*** Source records ***
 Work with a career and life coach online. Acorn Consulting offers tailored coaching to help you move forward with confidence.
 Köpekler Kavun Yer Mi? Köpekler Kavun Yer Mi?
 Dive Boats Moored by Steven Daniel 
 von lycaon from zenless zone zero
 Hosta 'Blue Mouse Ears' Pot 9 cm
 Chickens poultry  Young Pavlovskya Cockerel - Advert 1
*** End of Source records ***
*** Source records ***
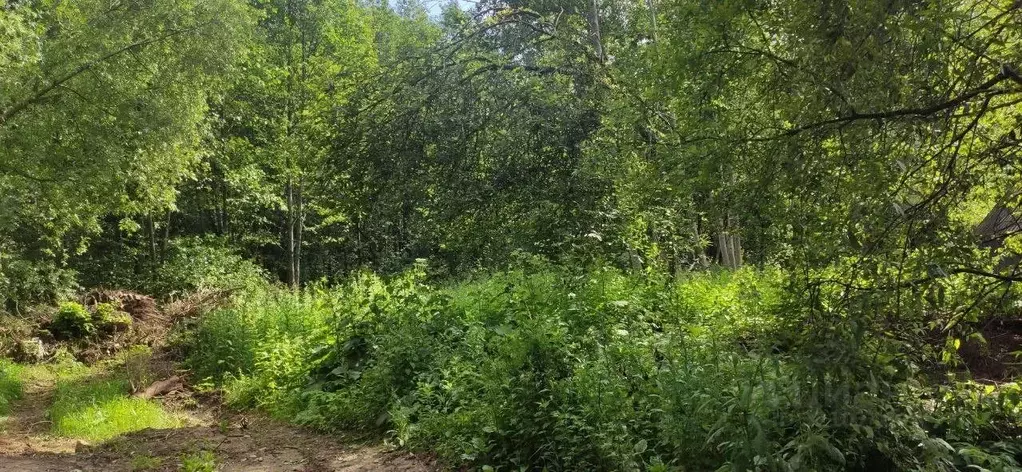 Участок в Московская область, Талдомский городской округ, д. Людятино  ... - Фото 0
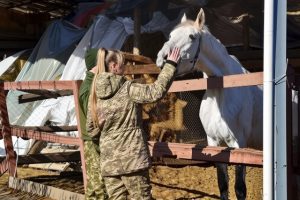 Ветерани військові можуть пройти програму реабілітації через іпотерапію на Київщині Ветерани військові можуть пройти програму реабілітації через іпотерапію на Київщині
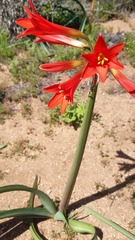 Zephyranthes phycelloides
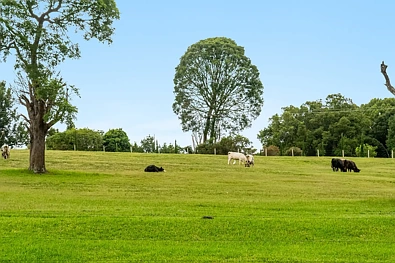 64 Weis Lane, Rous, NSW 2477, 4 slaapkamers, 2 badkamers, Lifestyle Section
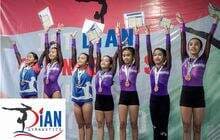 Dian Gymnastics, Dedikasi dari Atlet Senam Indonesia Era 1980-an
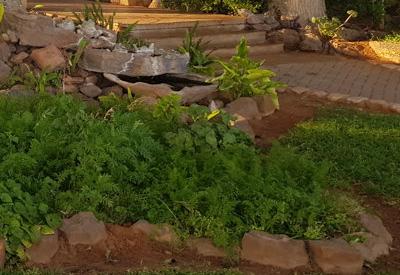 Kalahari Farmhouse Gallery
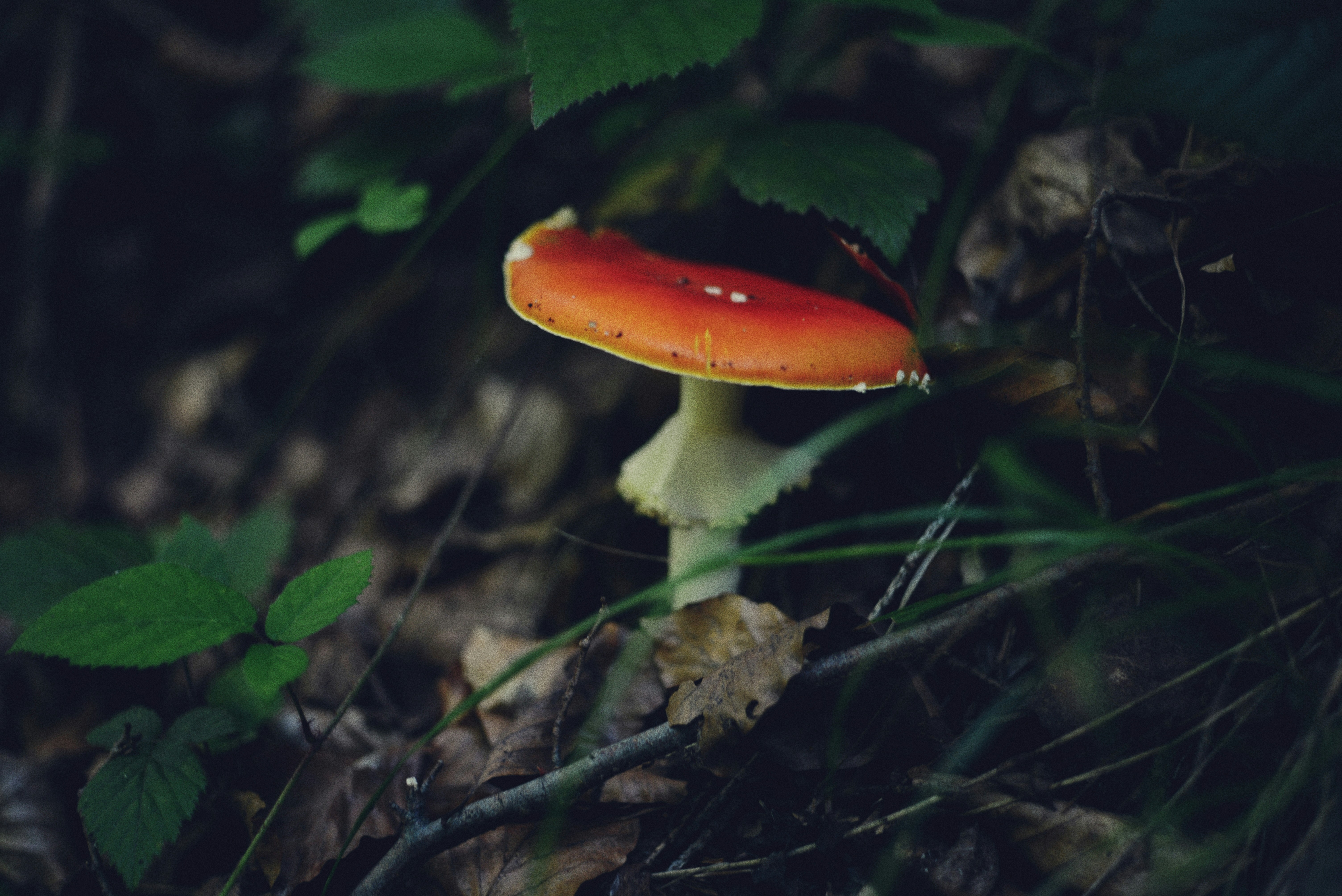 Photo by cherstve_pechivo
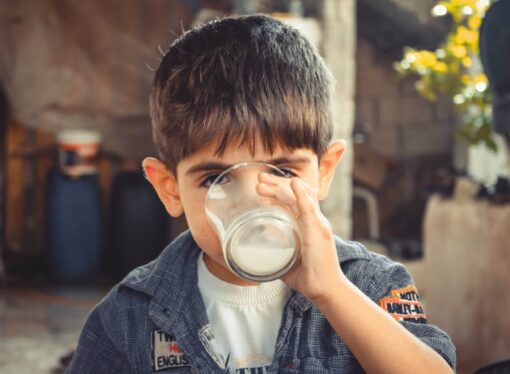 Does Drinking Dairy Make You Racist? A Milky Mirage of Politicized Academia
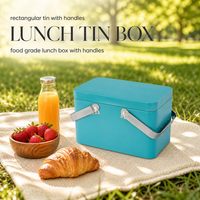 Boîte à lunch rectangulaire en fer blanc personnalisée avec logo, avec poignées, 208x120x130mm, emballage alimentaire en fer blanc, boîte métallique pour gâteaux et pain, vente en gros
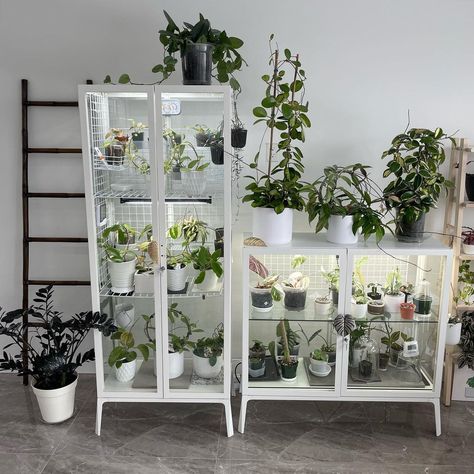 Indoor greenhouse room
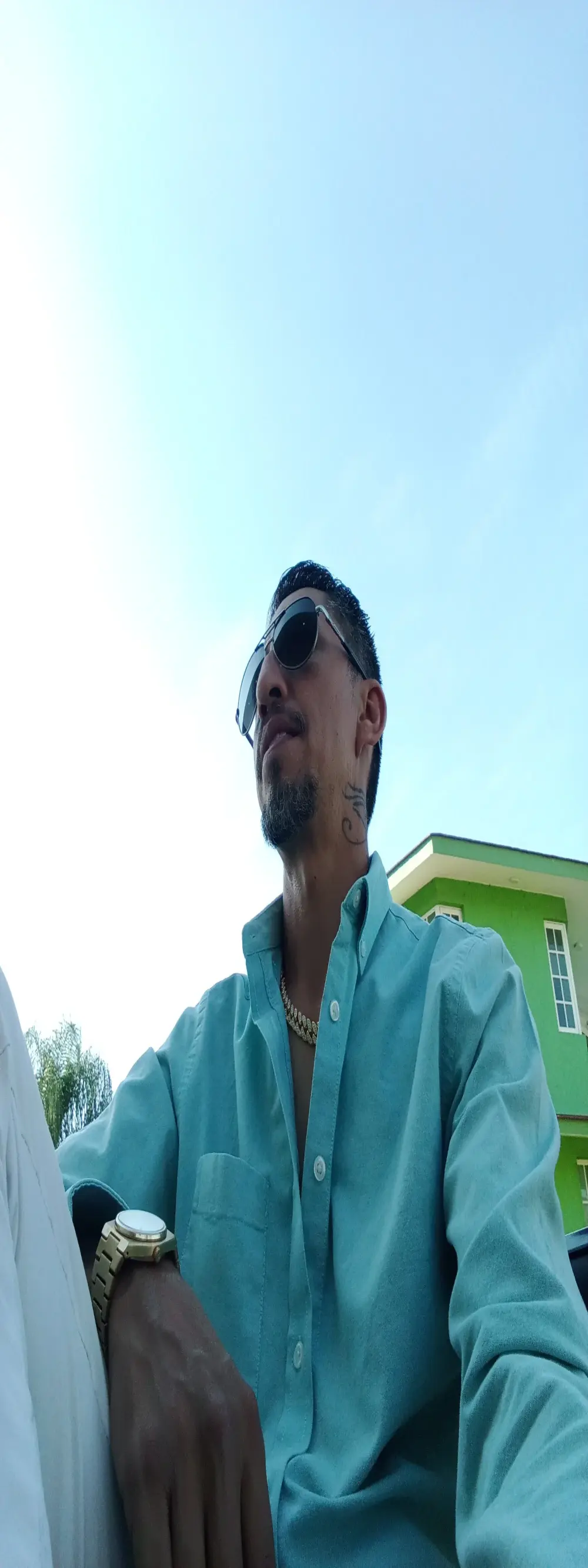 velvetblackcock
*** End of Source records ***
• _Exercise details_:
Would you retype exactly the lines above, from the line with "Work with a" to the line with "Cockerel - Advert 1", with both end lines kept and nothing more?

• _Response area_:
 Work with a career and life coach online. Acorn Consulting offers tailored coaching to help you move forward with confidence.
 Köpekler Kavun Yer Mi? Köpekler Kavun Yer Mi?
 Dive Boats Moored by Steven Daniel 
 von lycaon from zenless zone zero
 Hosta 'Blue Mouse Ears' Pot 9 cm
 Chickens poultry  Young Pavlovskya Cockerel - Advert 1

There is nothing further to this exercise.